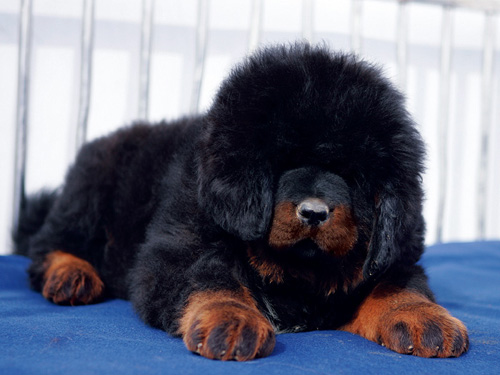 藏獒得了螨虫怎么办 螨虫对藏獒只遗传不传染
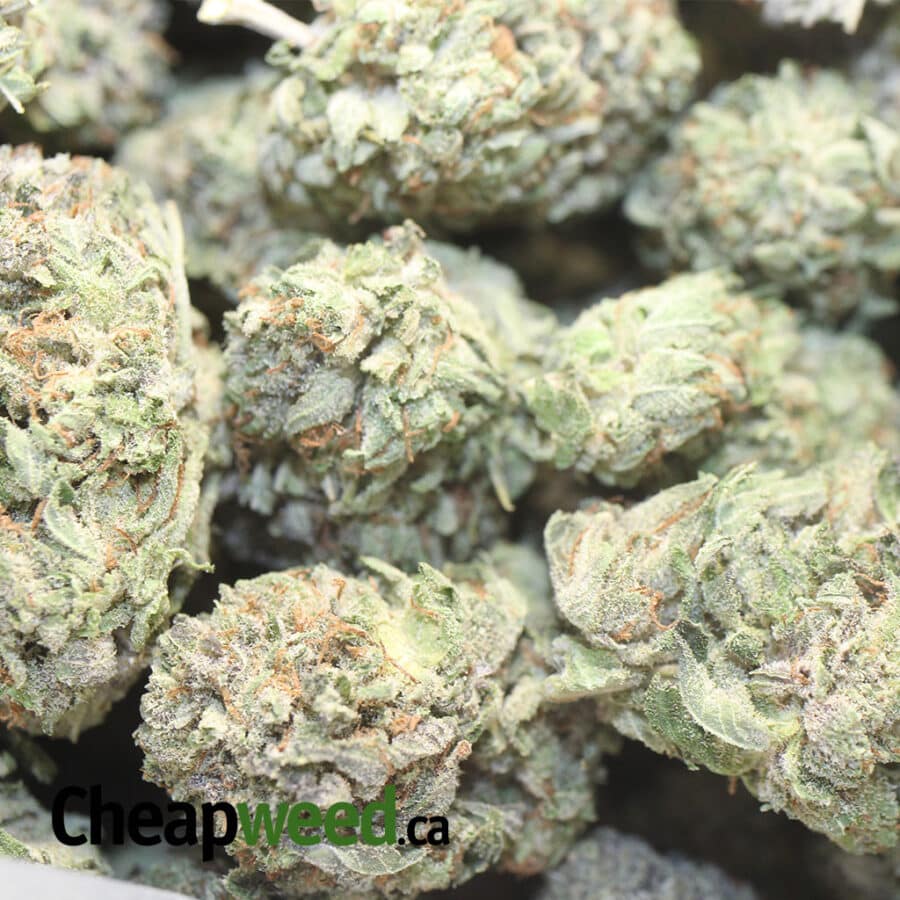 PURPLE HINDU KUSH 1 I Tony's Purple Hindu Kush
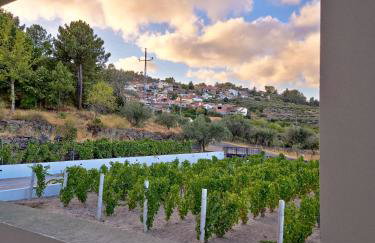 Raposa Verde - Agroturismo - Foto 5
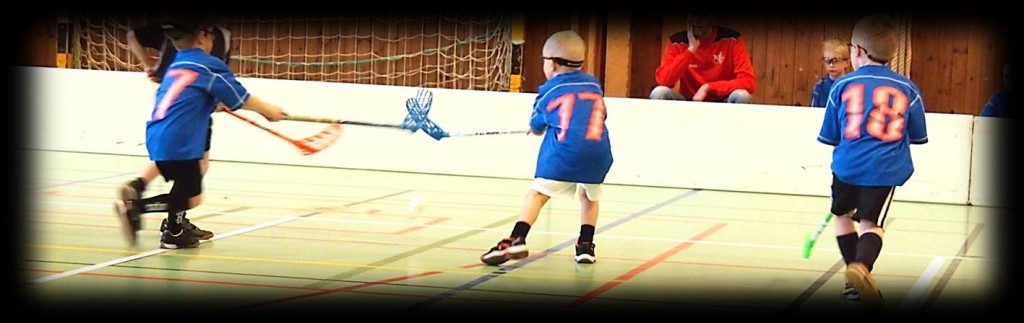 Working together as a floorball team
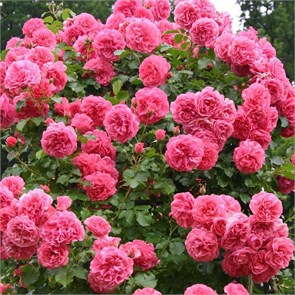{{productViewItem.photos[photoViewList.activeNavIndex].Alt || productViewItem.photos[photoViewList.activeNavIndex].Description || 'Роза плетистая Розариум Ютерзен (Rosarium Uetersen) | Kordes, 1977'}}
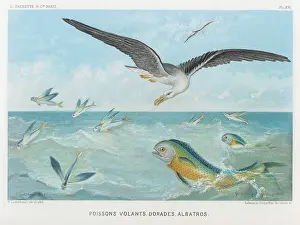 Preying: ALBATROSS/FISH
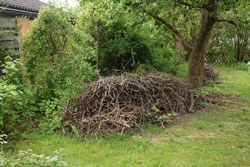  Heimische Gehölze und Stauden mit Holzhaufen in einem Garten.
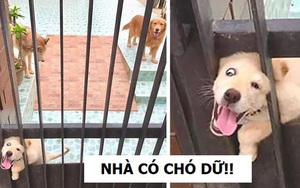 Treo biển "cẩn thận chó dữ" nhưng đám khuyển này lại khiến khách đến chơi nhà cực kỳ yên tâm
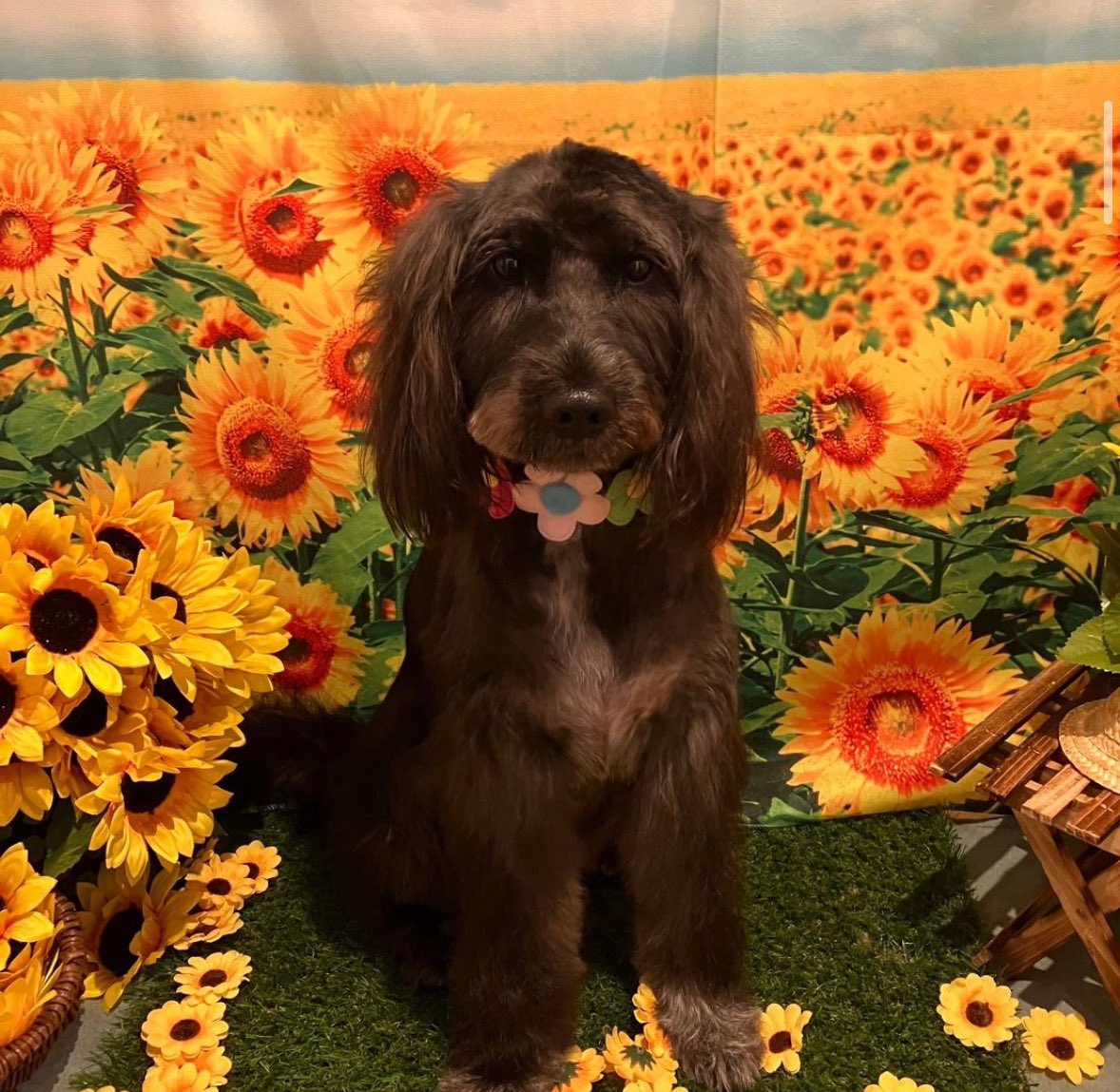 maisondemook's tweet photo. メゾン・ド・ムックHotel &amp; Spa 🐕🫧

カットコースご利用いただきました🐶✂️
#シュウナウザーEコッカー　のベルちゃん🤍
小さい時からお利口さん🌻

＊売り上げは全てシェルター費用にさせていただいております🙇‍♀️

https://t.co/FTqDnzmuvq

#保護犬 #保護犬を家族に #愛犬 #ペットサロン #トリミング https://t.co/Mq1E8dcMgC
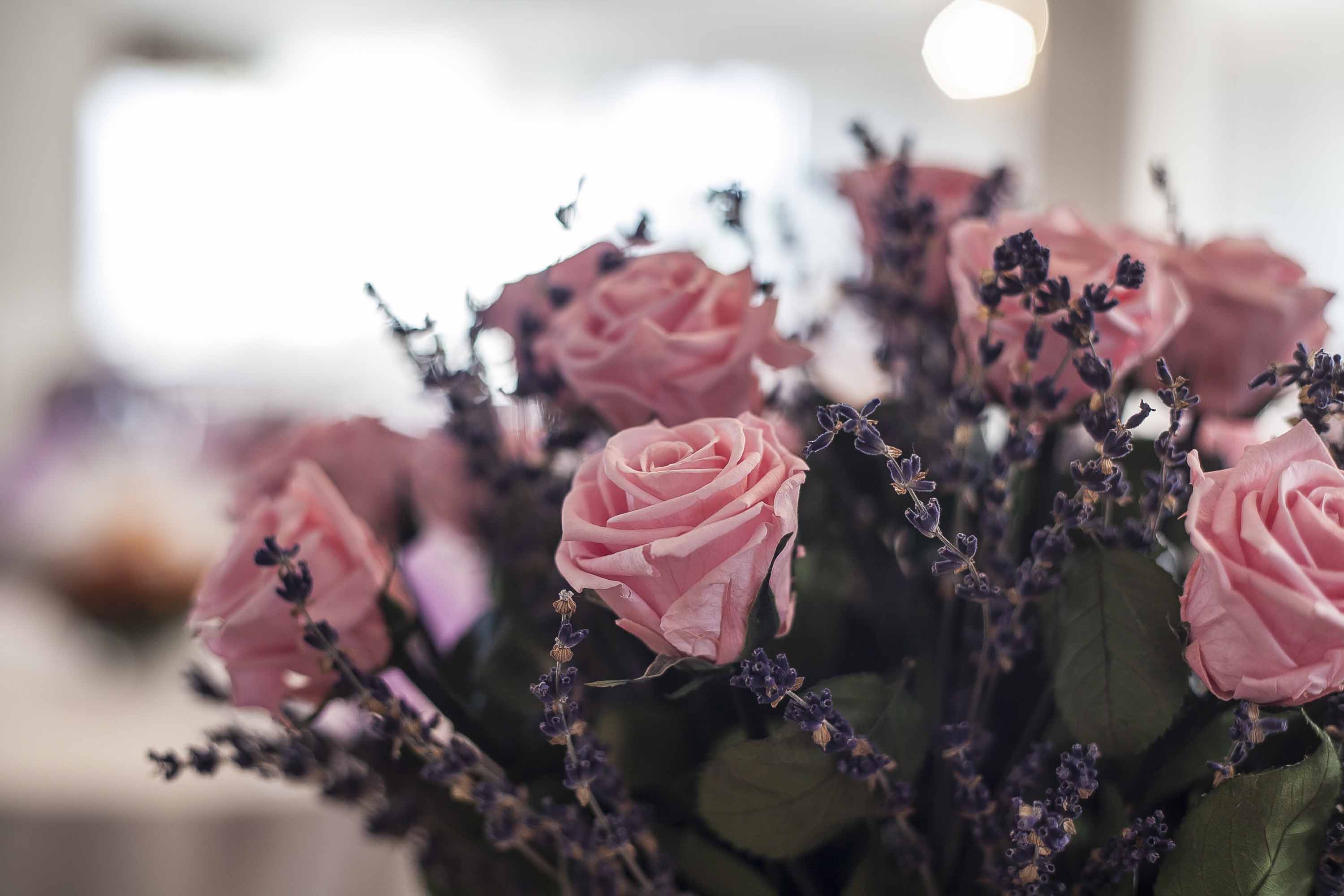 La Maison Des Jardins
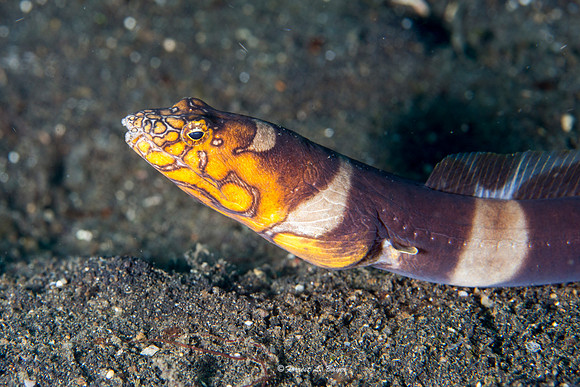 Snake Eel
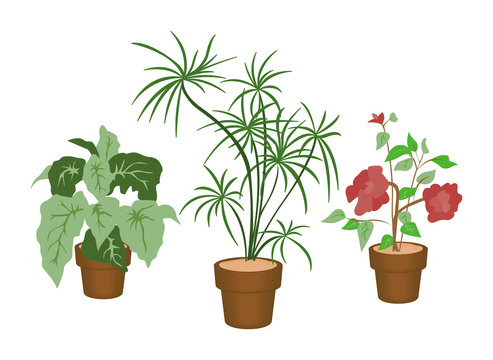 green plants in pots on white background clip art preview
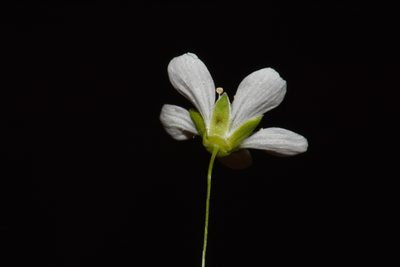 Geocarpon cumberlandense, photographed by Brian Finzel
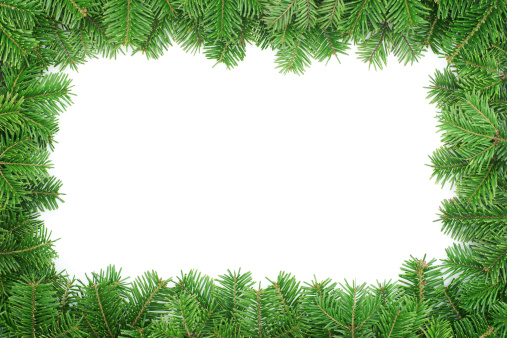 Fir tree frame  isolated on white background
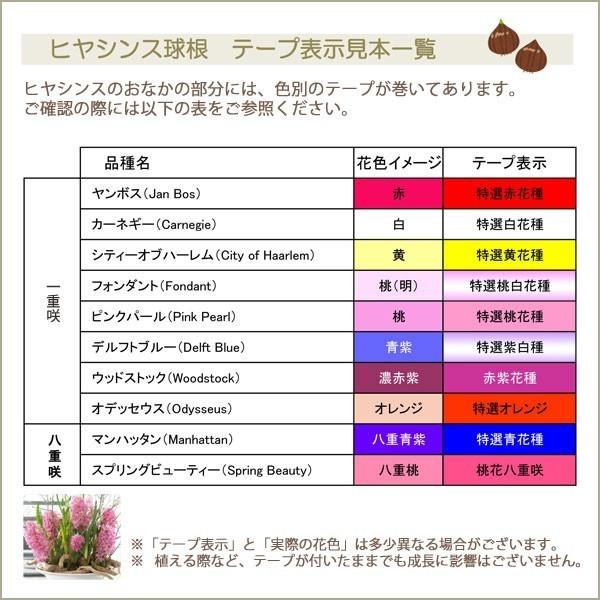 ヒヤシンス球根 黄色 イエローストーン他 球根1球 甘い香りのダッチ系ヒヤシンス 球周15 16cm 秋植え球根 芳香 かわいいイエロー 第四種郵便可 72 Bulb Hyacinth Yellow1 渋谷園芸 植木鉢屋 通販 Yahoo ショッピング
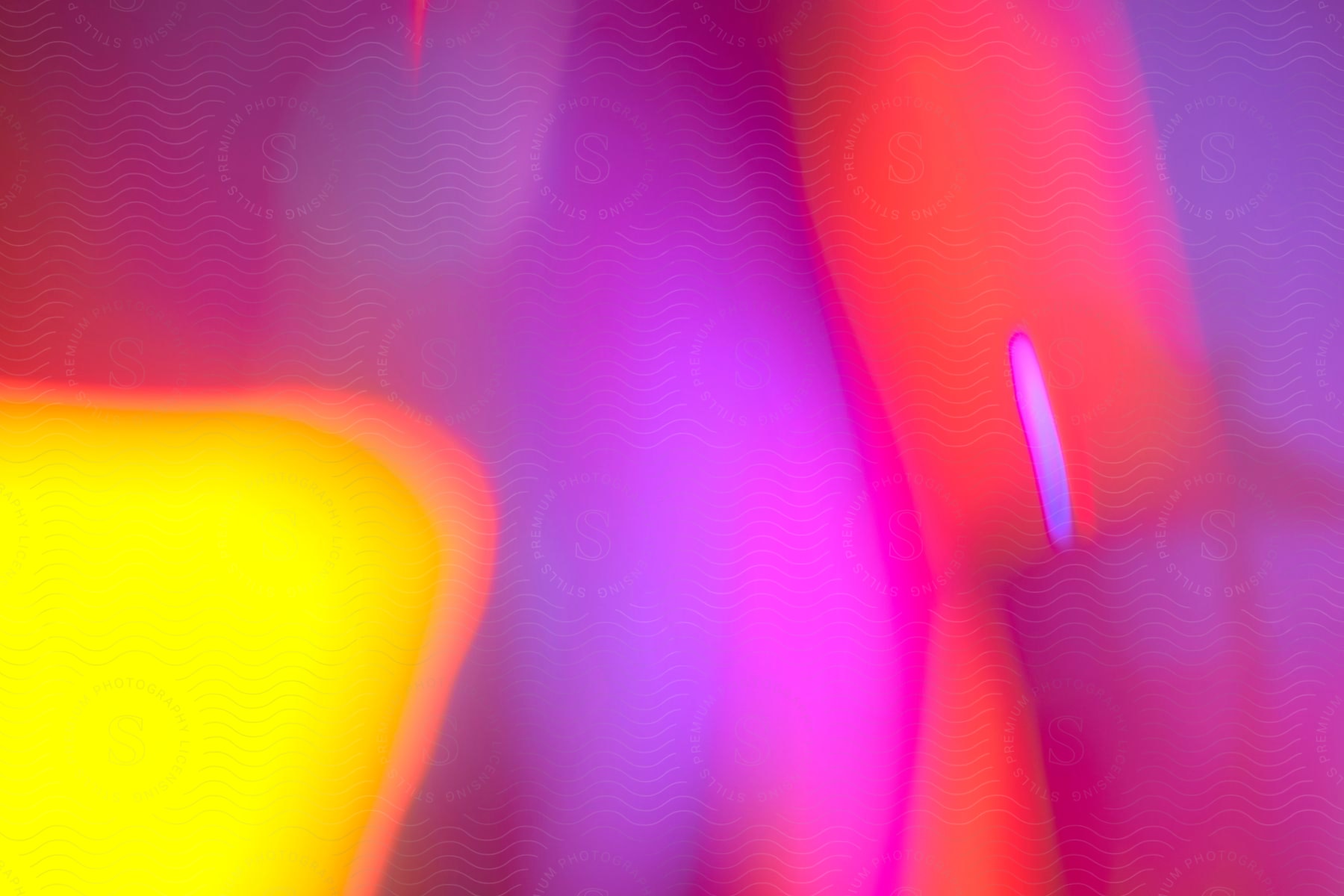 Abstract and colorful neon blurry lights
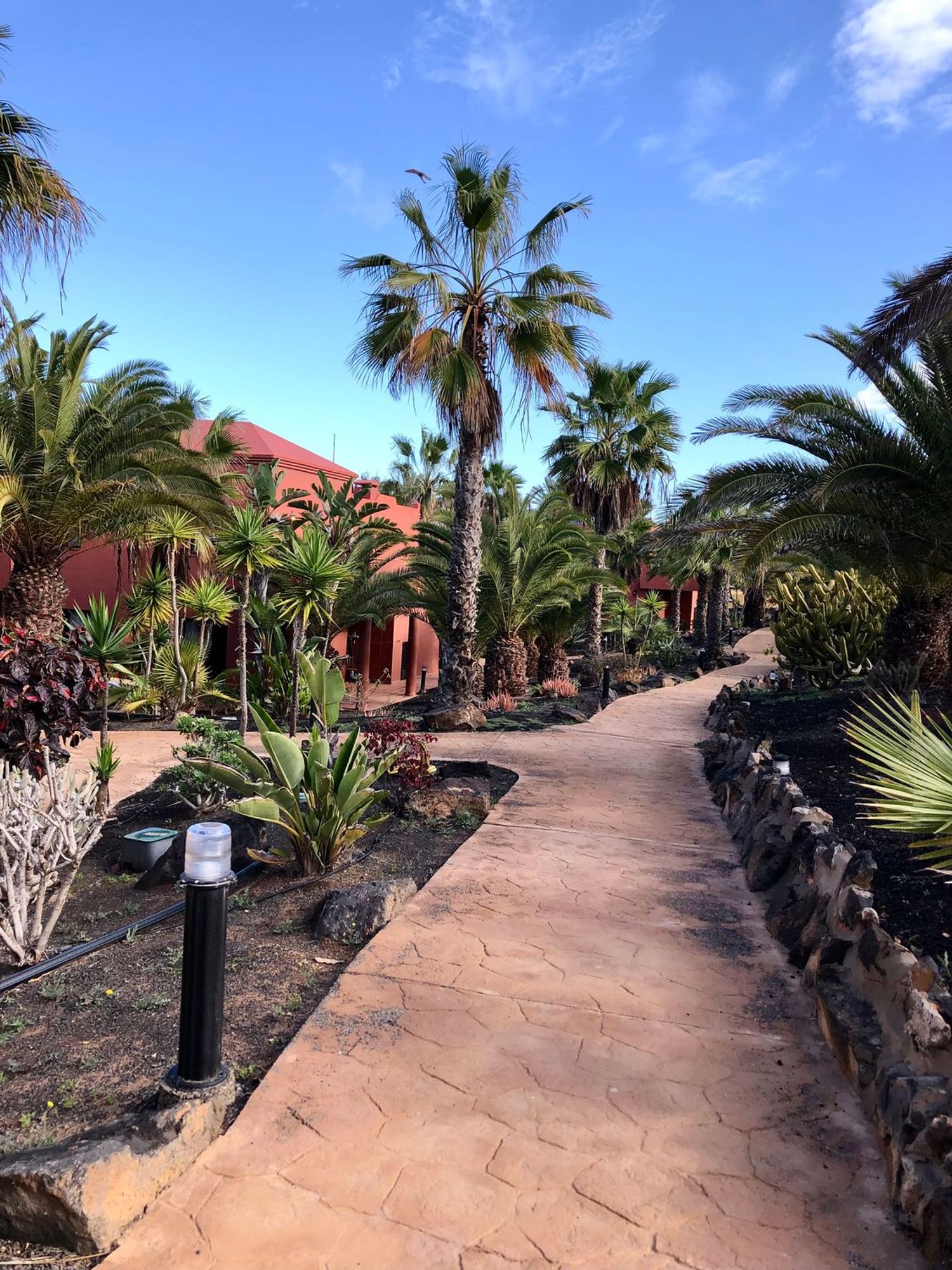 Estudio en Calle Guirre, 1, Corralejo, Corralejo - Foto 13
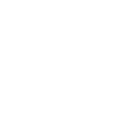 Bitcoin Gold (BTG)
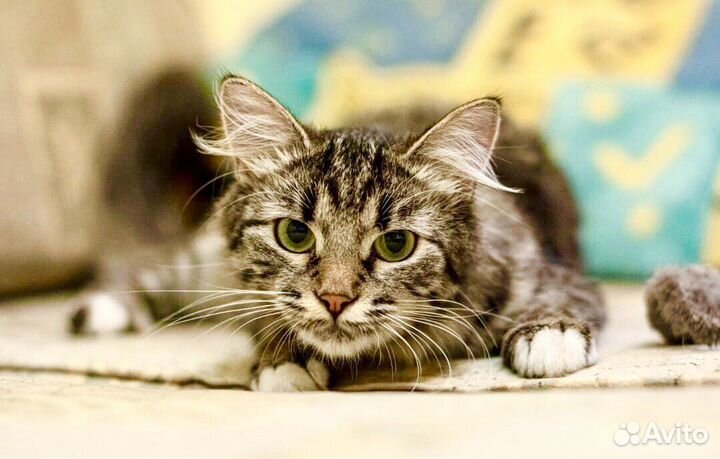 Муся пушистая сибирячка в дар заботливым хозяевам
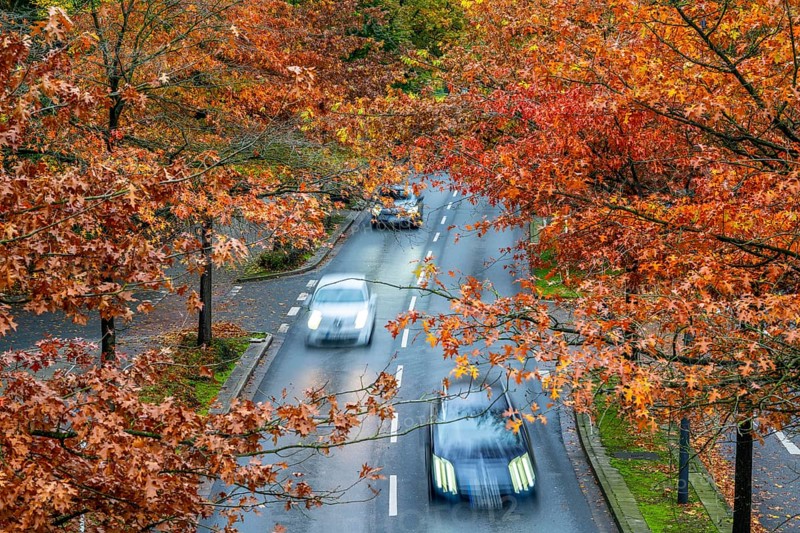 Autumn, road traffic, inner-city, trees in autumnal colours line a 4-lane road, symbolic image, Bottroper Straße in Essen, North Rhine-Westphalia, Germany, Europe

▸ **Exercise prompt**
Only the lines above from the one containing "cực kỳ yên tâm" through the one containing "Муся пушистая сибирячка" should be returned, verbatim and inclusive, with pictures excluded.

▸ **Completed task**
 Treo biển "cẩn thận chó dữ" nhưng đám khuyển này lại khiến khách đến chơi nhà cực kỳ yên tâm
 maisondemook's tweet photo. メゾン・ド・ムックHotel &amp; Spa 🐕🫧

カットコースご利用いただきました🐶✂️
#シュウナウザーEコッカー　のベルちゃん🤍
小さい時からお利口さん🌻

＊売り上げは全てシェルター費用にさせていただいております🙇‍♀️

https://t.co/FTqDnzmuvq

#保護犬 #保護犬を家族に #愛犬 #ペットサロン #トリミング https://t.co/Mq1E8dcMgC
 La Maison Des Jardins
 Snake Eel
 green plants in pots on white background clip art preview
 Geocarpon cumberlandense, photographed by Brian Finzel
 Fir tree frame  isolated on white background
 ヒヤシンス球根 黄色 イエローストーン他 球根1球 甘い香りのダッチ系ヒヤシンス 球周15 16cm 秋植え球根 芳香 かわいいイエロー 第四種郵便可 72 Bulb Hyacinth Yellow1 渋谷園芸 植木鉢屋 通販 Yahoo ショッピング
 Abstract and colorful neon blurry lights
 Estudio en Calle Guirre, 1, Corralejo, Corralejo - Foto 13
 Bitcoin Gold (BTG)
 Муся пушистая сибирячка в дар заботливым хозяевам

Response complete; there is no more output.